O estilo arrojado e insaciável de garoto que sempre quer ser o primeiro a entrar na água e o último a sair tem rendido excelentes resultados ao catarinense Kauli Seadi. Em abril deste ano, ele deixou para trás lendas como o australiano Jason Polakow e o argentino Francisco Goya e colocou o Brasil no pódio mais respeitado do windsurf em ondas do mundo, o casca-grossa Jeep Hawaii Pro. Em Hookipa, na ilha de Maui (Havaí), ele tentou realizar um double looping, mas não conseguiu finalizar a manobra e teve que se “contentar” com o excepcional e inédito vice-campeonato da primeira etapa da modalidade wave do circuito profissional, o Professional Windsurfing Association (PWA), entidade que organiza o campeonato mundial. O primeiro lugar ficou com o ícone do windsurf havaiano Josh Angulo, 30.

Este foi o melhor resultado de um brasileiro no mundial e aumentou as chances de Kauli conquistar mais um degrau no ranking. Atualmente, ele é o 2º colocado na categoria waves (em que o atleta faz manobras enquanto surfa a onda), 2º na free-style (só manobras) e 1º na indoor (disputada numa piscina de ondas, equipada com rampas e enormes ventiladores). O título, embora esperado, já que sua característica principal é o estilo radical de surf, veio consagrar a fama internacional de Kauli, que há cinco anos estampa as capas das principais revistas especializadas nos Estados Unidos e na Europa. “Acredito muito na minha própria capacidade de superação. Em cada competição encaro lendas do windsurf, caras que admirava quando comecei a velejar”, conta. “Na água, não sinto medo de nada. Ao contrário: me concentro pra poder render o máximo. Quando assisto às minhas manobras em vídeo, fico de cara. Me pergunto se sou eu mesmo”.
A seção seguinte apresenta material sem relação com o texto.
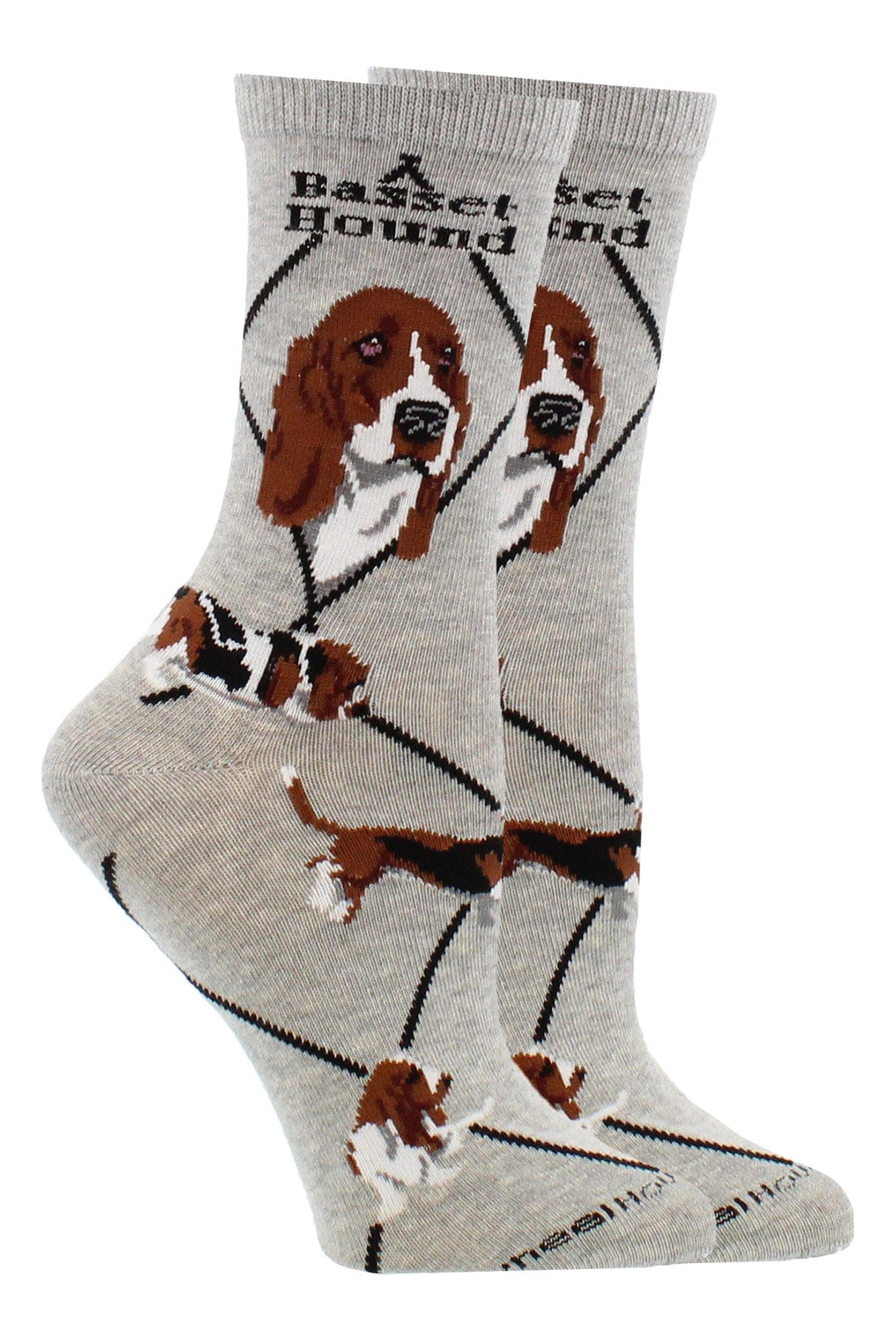 Wheel House Designs socks Gray / Medium Basset Hound Socks Perfect Dog Lovers Gift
Tido pelos colegas como o mais obstinado dos competidores, o brasileiro está sempre tentando e testando manobras novas, que ele mesmo inventa e trata de acrescentar ao cardápio de rotinas do wind. Uma delas é a Puneta – homenagem a um período de treinos que fez em Maui, longe das mulheres –, em que o velejador faz um giro de 360 graus com a prancha e com a vela ao mesmo tempo, mantendo os pés do lado contrário à direção da prancha. “Quando caio na água, abro a mente e deixo a criatividade rolar, com consciência da técnica e força necessárias para realizar a manobra. Só depois é que me dou conta do que consegui fazer”, explica. Suas modalidades preferidas são Wave e Freestyle, em que o que importa é a originalidade, a plástica e grau de dificuldade da manobra..


(Foto: Yerome Youvet)

É O AMOR

Kauli nasceu em Florianópolis e começou surfar aos 4 anos quando ganhou sua primeira prancha de surf de seu avô Luiz. Até os 12, o mar era para ele uma brincadeira de criança. Preferia jogar tênis com um colega cujo pai era velejador e o apresentou ao windsurf. Foi assim, que por uma vacilada do destino, ele subiu numa prancha a vela. Não demorou um ano para perceber que aquela era sua praia e, incentivado pela família, aos 13 já era campeão brasileiro.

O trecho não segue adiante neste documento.